En France le renforcement du sentiment religieux est moindre par rapport à d’autres pays, pourquoi ? Est-ce dû à la sécularisation du pays ? Le fait de fermer les lieux de cultes a-t-il pu avoir un effet contraire ?

La France est aussi antireligieuse que l’Amérique peut être religieuse. Cela tient à son passé révolutionnaire. Autrefois fille aînée de l’Église, la France est aujourd’hui le centre mondial de l’athéisme avec la Chine et l'ex Tchécoslovaquie. Pendant longtemps, certains éléments du christianisme ont été conservés par la morale républicaine, des éléments rituels sous la forme d’un baptême républicain ou bien encore des éléments spirituels sous la forme d’une sainteté laïque. Avec l’effondrement de la religion républicaine lors de Mai 68, la France a perdu tout lien avec le christianisme en général et la religion en particulier en gommant ceux-ci non seulement de ses croyances mais de sa mémoire. Les Français ne savent plus non seulement ce qu’est le christianisme, mais ils ignorent qu’ils ont été chrétiens. Rien de plus normal : il est devenu interdit de le dire, rappeler que l’Europe a entre autres des racines chrétiennes étant considéré comme contraire aux règles de la laïcité. Ce rejet véhément de la religion a des racines intellectuelles. Depuis le 18ème siècle on a vu apparaître l’idée qu’il est impossible d’être intelligent, savant et scientifique si on croit en Dieu. Pour être intelligent, philosophique et scientifiquement respectable, ne pas croire en Dieu est une condition indispensable. Résultat : la foi dans l’athéisme devenant la condition de l’esprit, l’esprit n’est possible que si on entreprend de faire la guerre au sentiment religieux. Dans ce contexte, la fermeture des lieux de culte n’a pas simplement été ressentie douloureusement par les chrétiens pratiquants. Elle adonné lieu à des doutes parfois complotistes. La pandémie n’est-elle pas un prétexte pour éliminer le religieux ?

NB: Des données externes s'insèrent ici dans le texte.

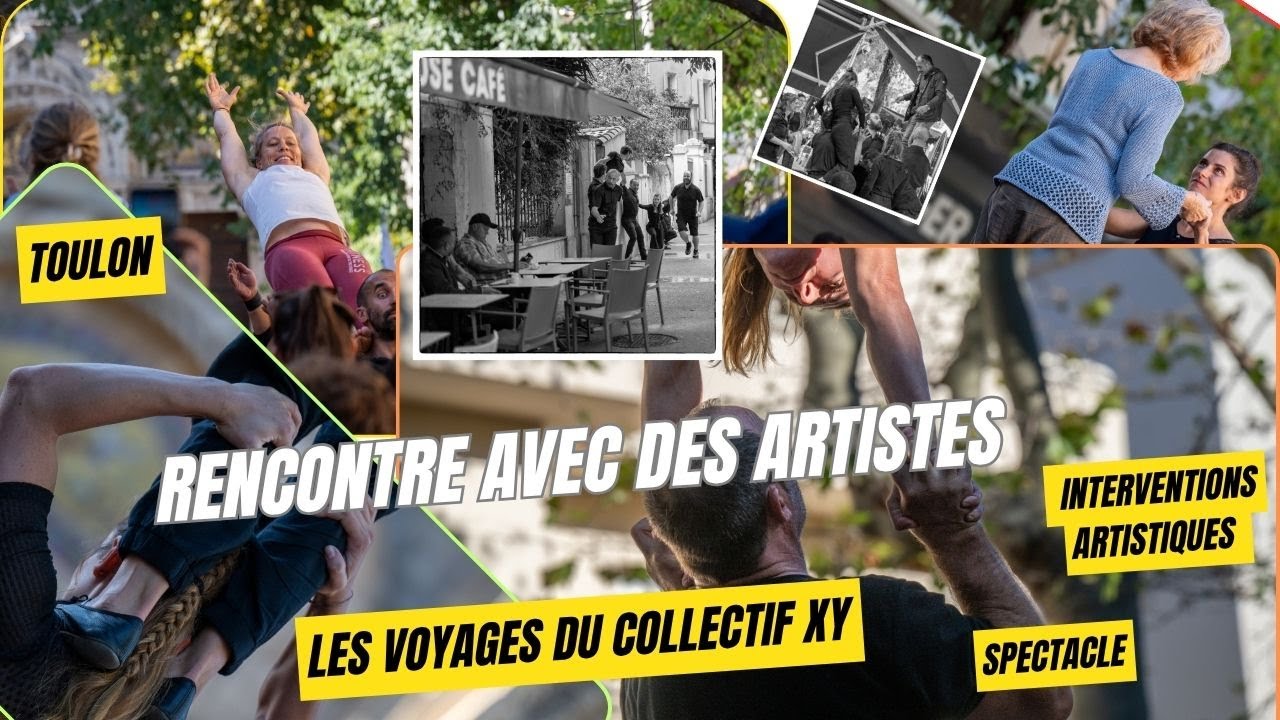 Rencontre avec les voyages de la troupe de cirque contemporain XY  à Toulon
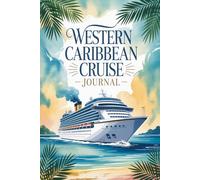 Western Caribbean Cruise Journal: A Travel Keepsake for Island Adventures, Port Memories & Tropical Moments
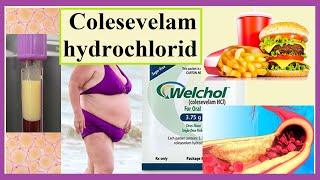 colesevelam hydrochloride [upl. by Penthea482]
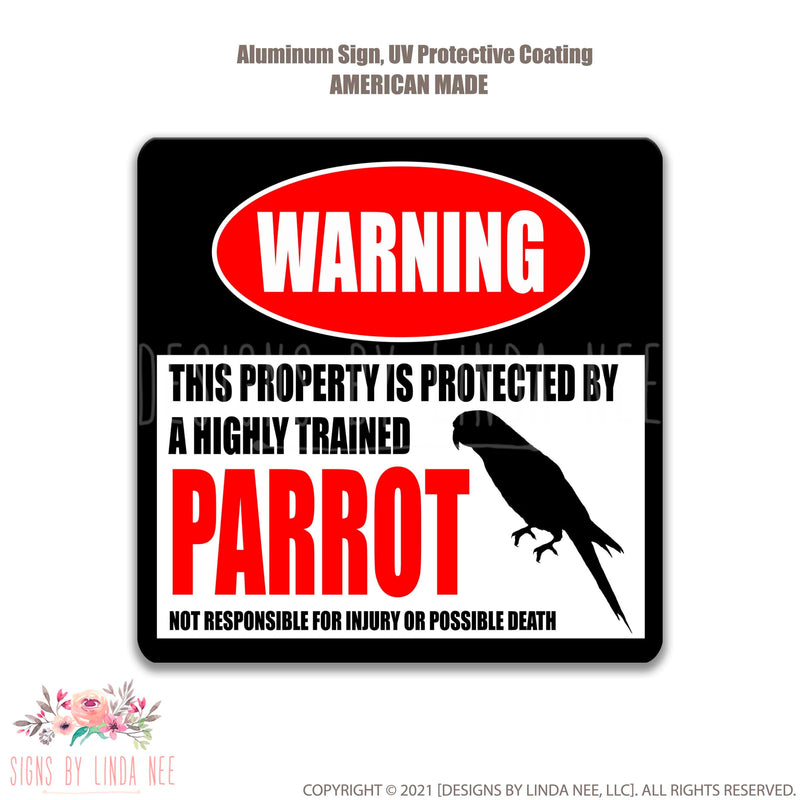White background with font saying Warning This Property is Protected by a Highly trained Parrot Not responsible for injury or possible death Square sign 
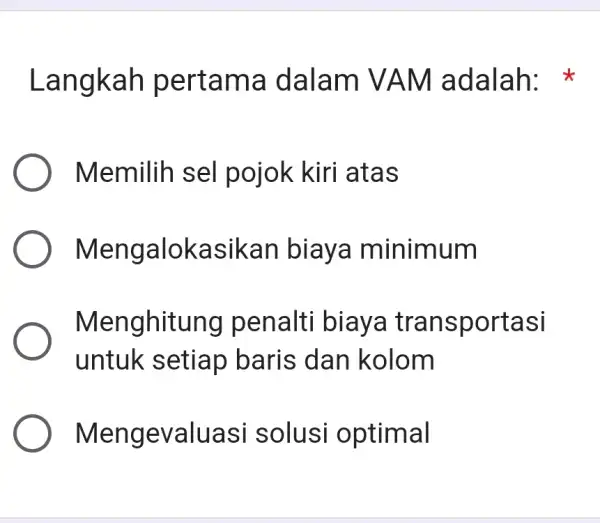 Langkah pertama dalam VAM adalah: Memilih sel pojok kiri atas Mengalokasikan biaya minimum Menghitung penalti biaya transportasi untuk setiap baris dan kolom Mengevaluasi solus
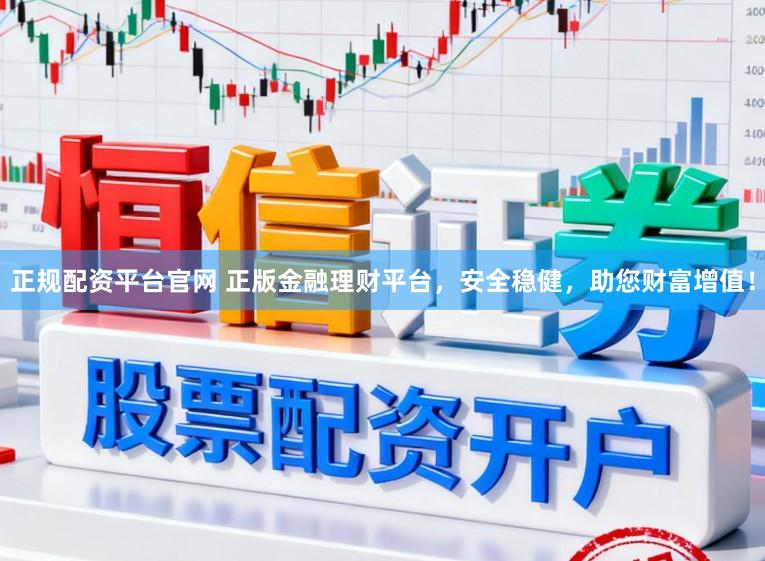 正规配资平台官网 正版金融理财平台，安全稳健，助您财富增值！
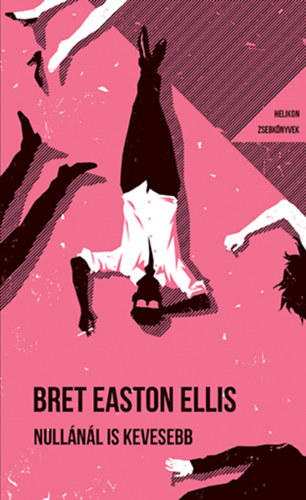 Brett Easton Ellis: Nullánál is kevesebb könyv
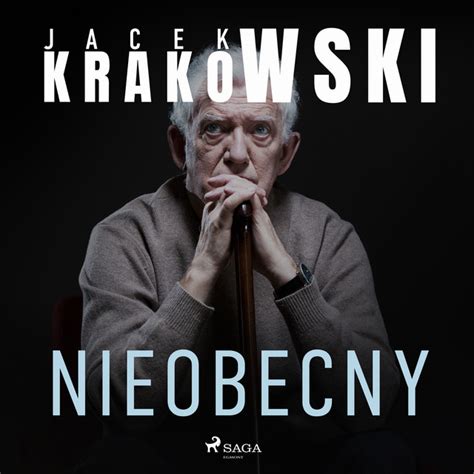 Nieobecny Audiobook By Jacek Krakowski Spotify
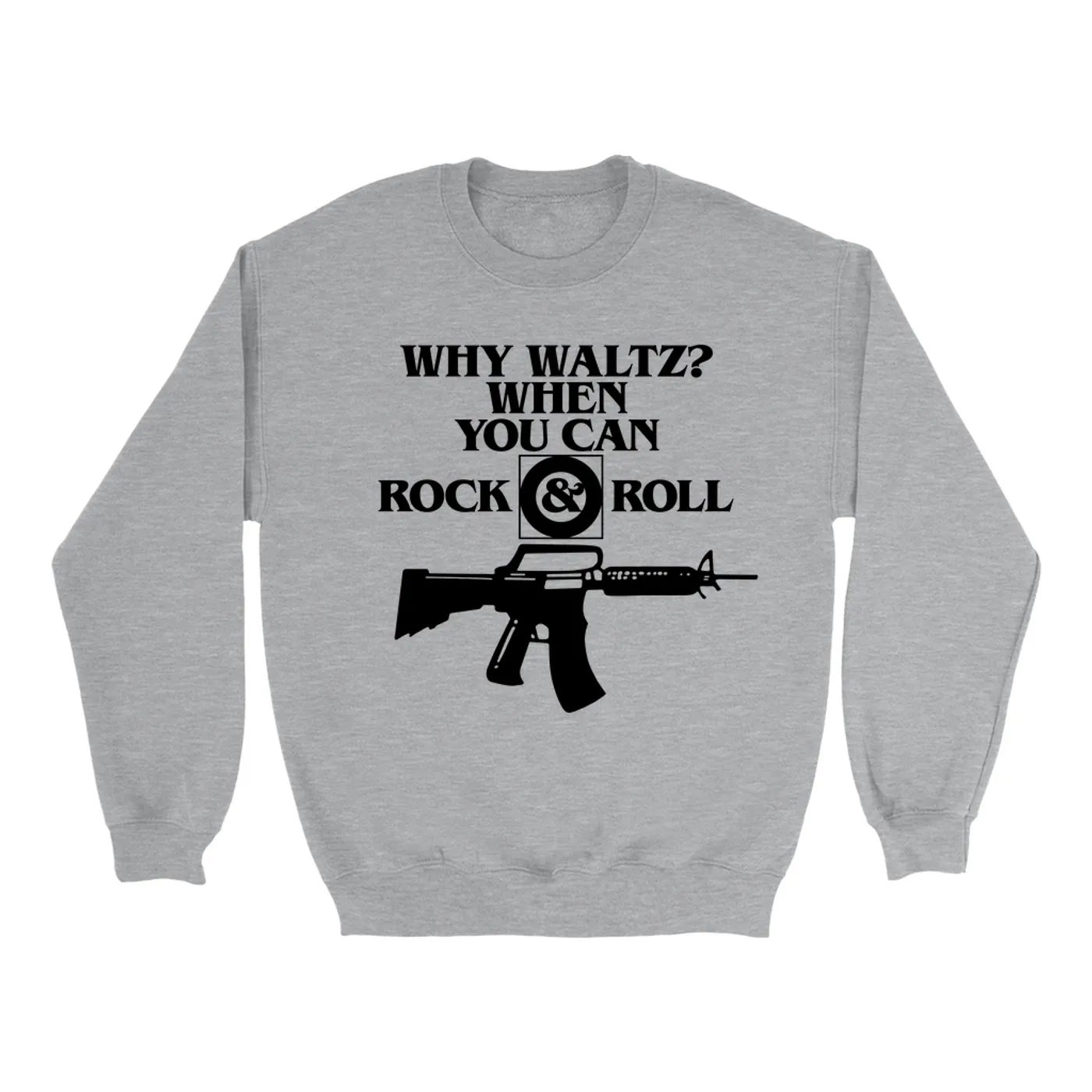 Pop Culture Sweatshirt | Why Waltz When You Can Rock & Roll Inspired By The Lost Boys Pop Culture Sweatshirt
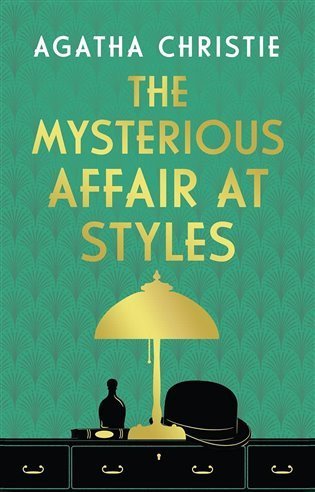 Christie Agatha: The Mysterious Affair at Styles (Poirot 1)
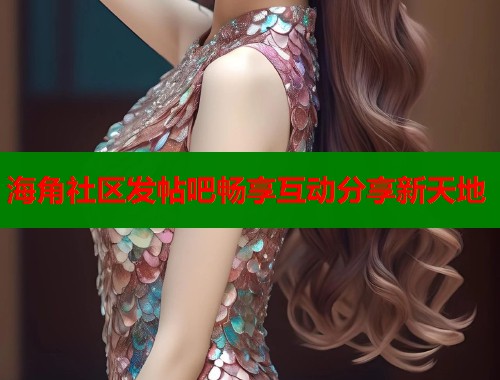 海角社区发帖吧畅享互动分享新天地  第1张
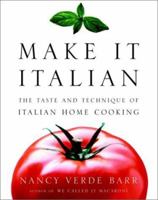 Make It Italian : The Taste and Technique of Italian Home Cooking 0375402268 Book Cover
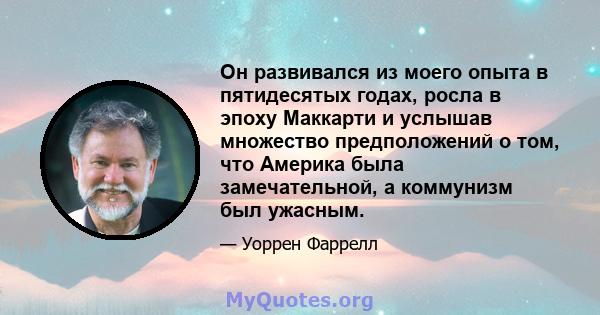 Он развивался из моего опыта в пятидесятых годах, росла в эпоху Маккарти и услышав множество предположений о том, что Америка была замечательной, а коммунизм был ужасным.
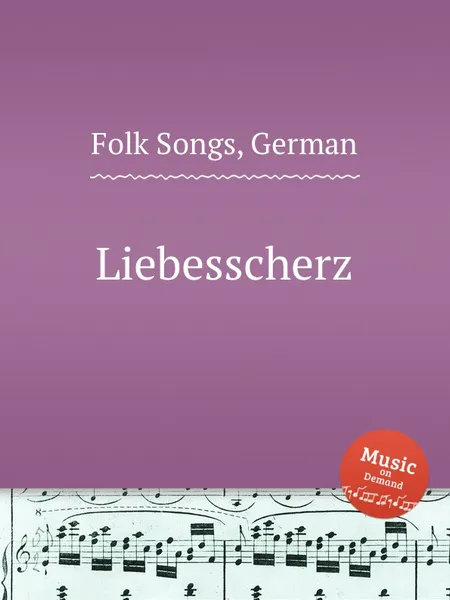 Обложка книги Liebesscherz. German Folk Songs, Anonymous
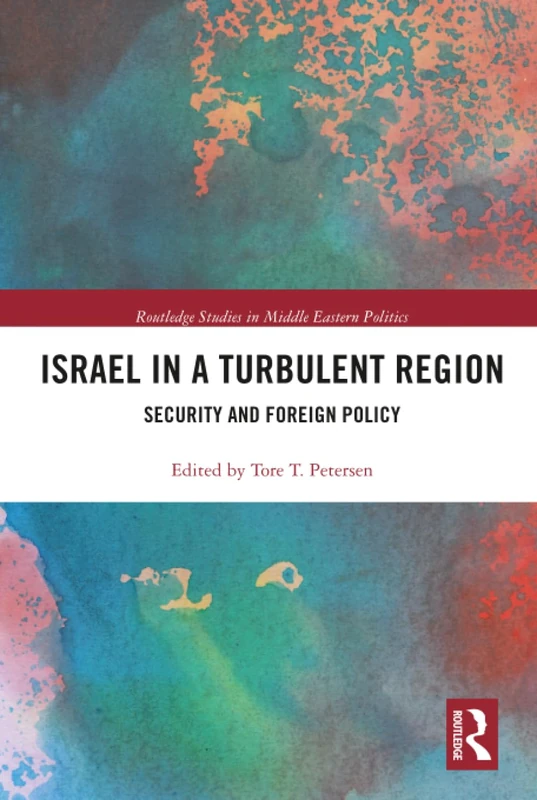 Routledge Israel in a Turbulent Region - Security & Foreign Policy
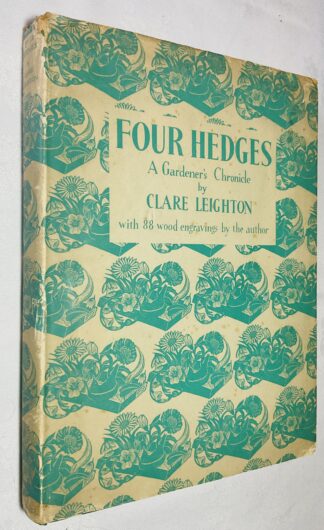 Four Hedges: A Gardener's Chronicle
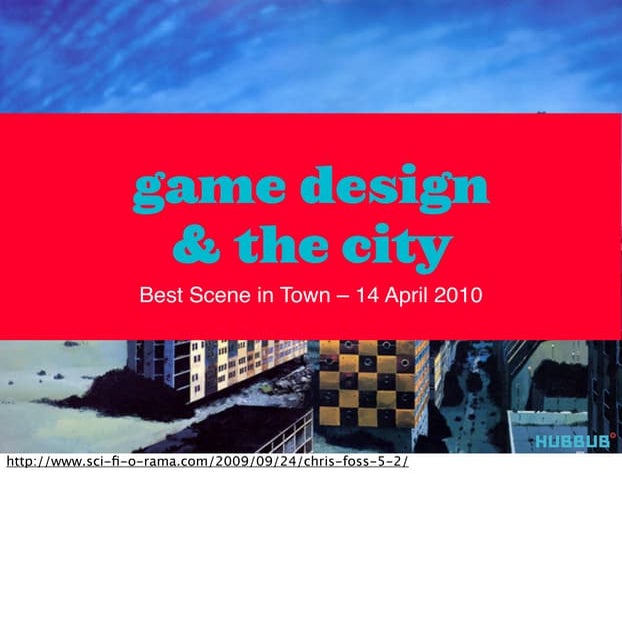 Game Design & the City @ Best Scene in Town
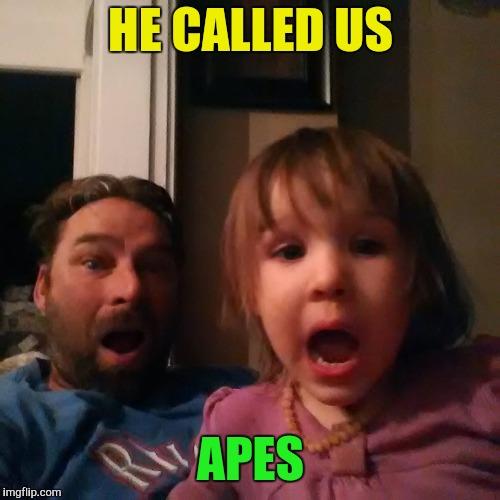 shocked dad daughter | HE CALLED US APES | image tagged in shocked dad daughter | made w/ Imgflip meme maker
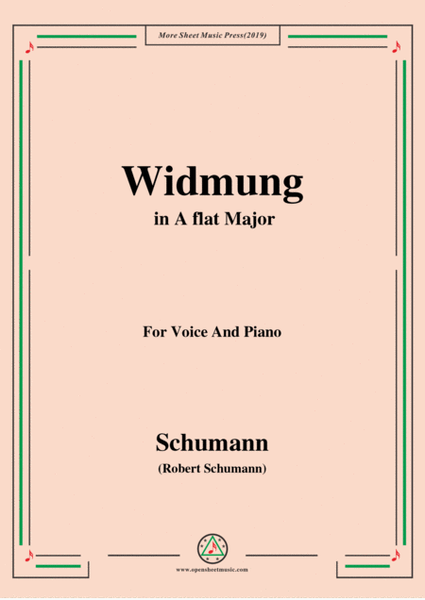 Schumann-Widmung,Op.25 No.1,from Myrten,in A flat Major,for Voice&Pno image number null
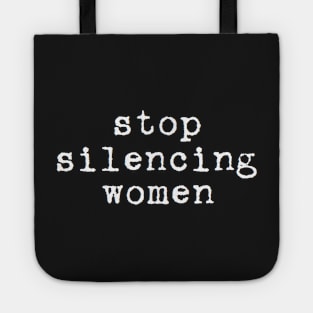 stop silencing women Tote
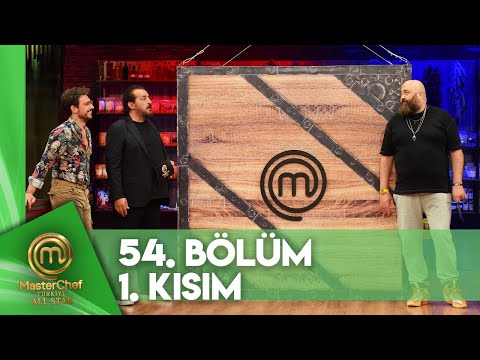 MasterChef Türkiye All Star 54. Bölüm 1. Kısım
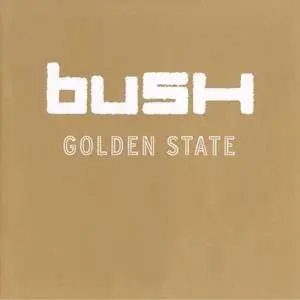 Bush - Golden State (Japanese Edition) (2001)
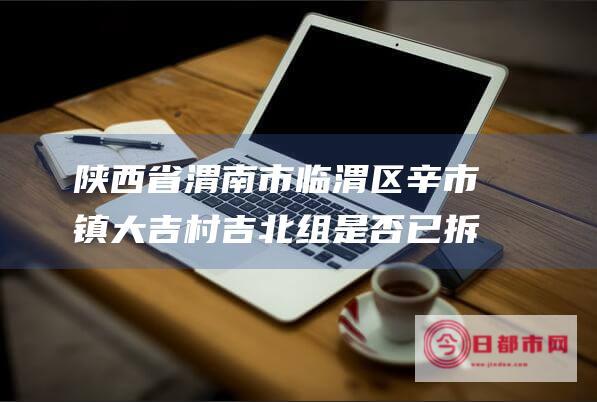 陕西省渭南市临渭区辛市镇大吉村吉北组是否已拆迁完毕 (陕西省渭南市富平县律师事务所)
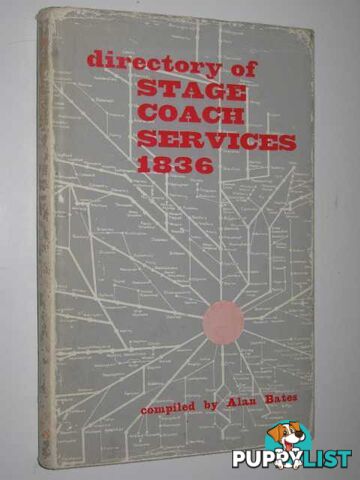 Directory of Stage Coach Services 1836  - Bates Alan - 1969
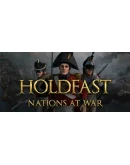 Holdfast: Nations At War Steam Gift АВТО РОСССИЯ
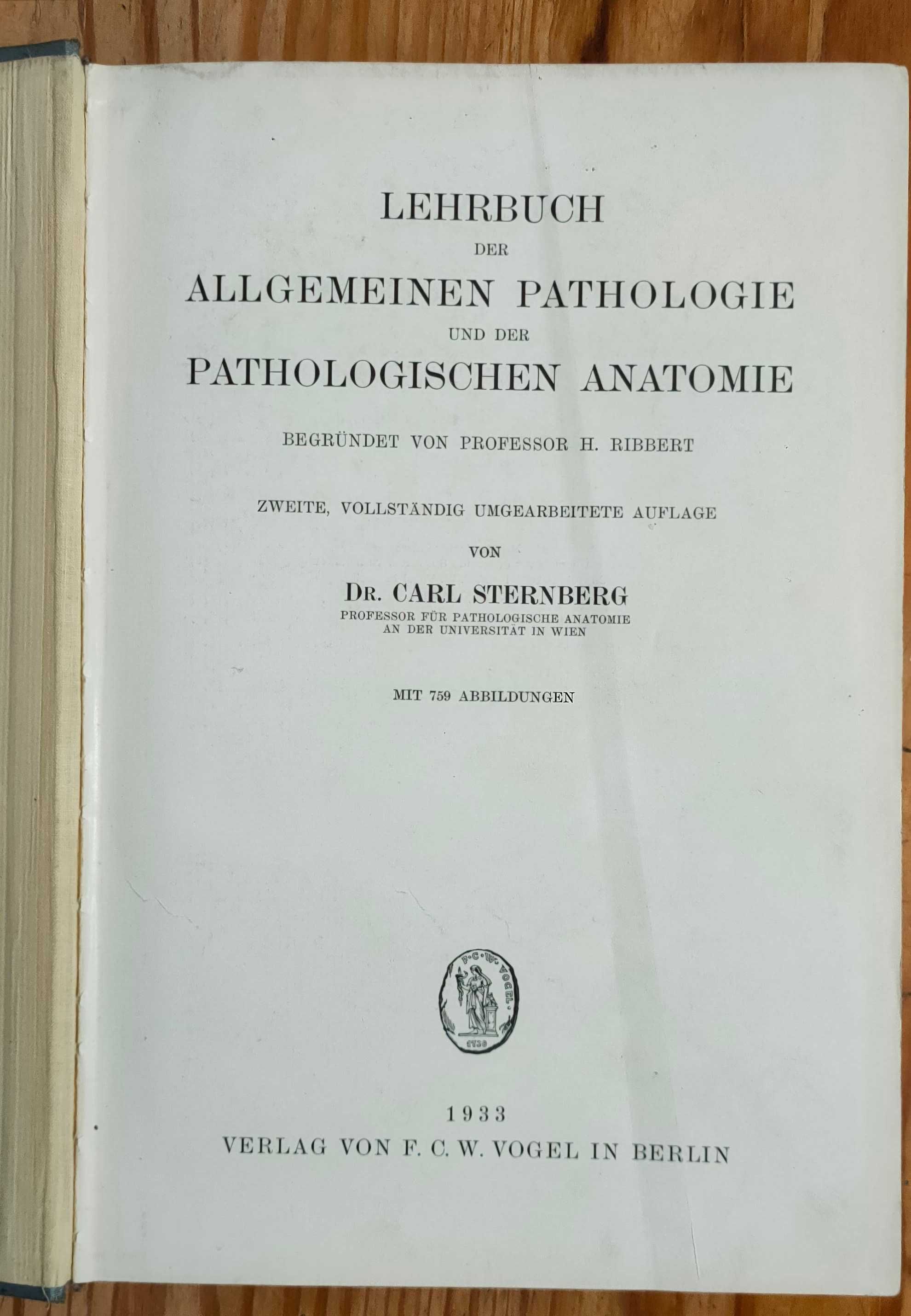 Lehrbuch der allgemeinen pathologie und der pathologischen anatomie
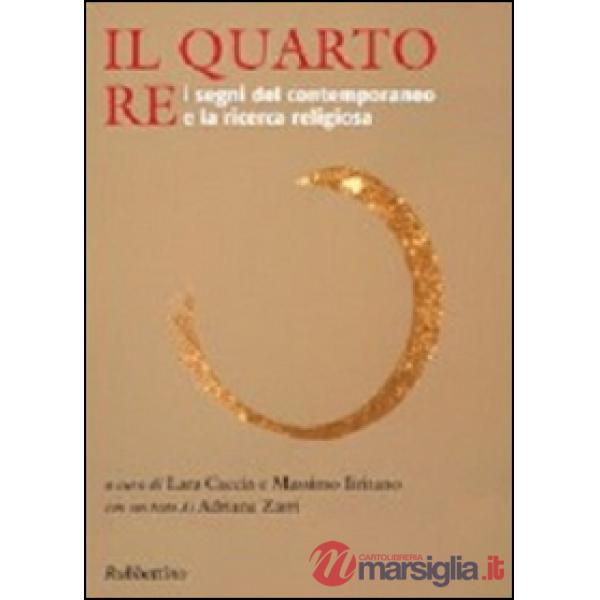 Quarto re. I segni del contemporaneo e la ricerca religiosa (Il)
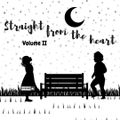 Straight From The Heart Love Songs 70s & 80s Vol.2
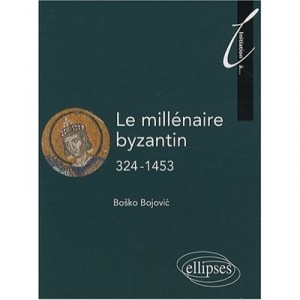 The Byzantine millennium 324-1453 - Bosko Bojovic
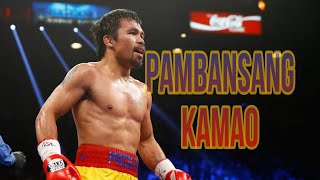 Pambansang Kamao by Dcoy (with Manny Pacquiao Highlights)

La religion et la famille sont-elles les refuges les plus évidents pour des individus en temps de crise ?

Manifestement non. N’oublions pas que quand on pose la question de savoir si le monde connaît aujourd’hui un regain d’engouement pour la religion et la famille, seuls quarante pour cents des personnes interrogées répondent. Si celles-ci étaient des valeurs refuges, elles mobiliseraient bien plus d’intérêt. Cela tient grandement à la façon dont la question est posée. La religion, plus personne ne sait ce que cela veut dire. On le sait d’autant moins que, confondue avec la figure du mal à cause de l’extrémisme musulman, celle-ci fait peur. Quant à la famille, à l’heure où plus de cinquante pour cents des couples divorcent, la notion de famille ne correspond plus bien à ce que vit la société à ce sujet. Il importe toutefois de relativiser ces statistiques pour le moins sombres. Si quantitativement, la religion et la famille en tant que grands concepts ne passionnent plus les foules postmodernes, qualitativement, il se vit des choses extrêmement intéressantes. Quand le religieux se présente sous la forme d’une aventure intérieure rythmée par la prière et la méditation, il se révèle être d’une surprenante vitalité. Ce qui donne à penser qu’il a de beaux jours devant lui. Par ailleurs, il existe des familles heureuses avec beaucoup d’amour, beaucoup d’intelligence, beaucoup de gaieté et de joie. La sociologie qui a une vision quantitative des choses ignore les phénomènes qualitatifs. Ce n’est pas parce que l’on est quantitativement majoritaire que l’on a moralement raison. Pour parler de regain à propos d’une réalité morale, le nombre d’adhésions ne suffit pas. La qualité des adhésions est aussi essentielle. Elle est tellement essentielle qu’elle est loin d’avoir dit son dernier mot.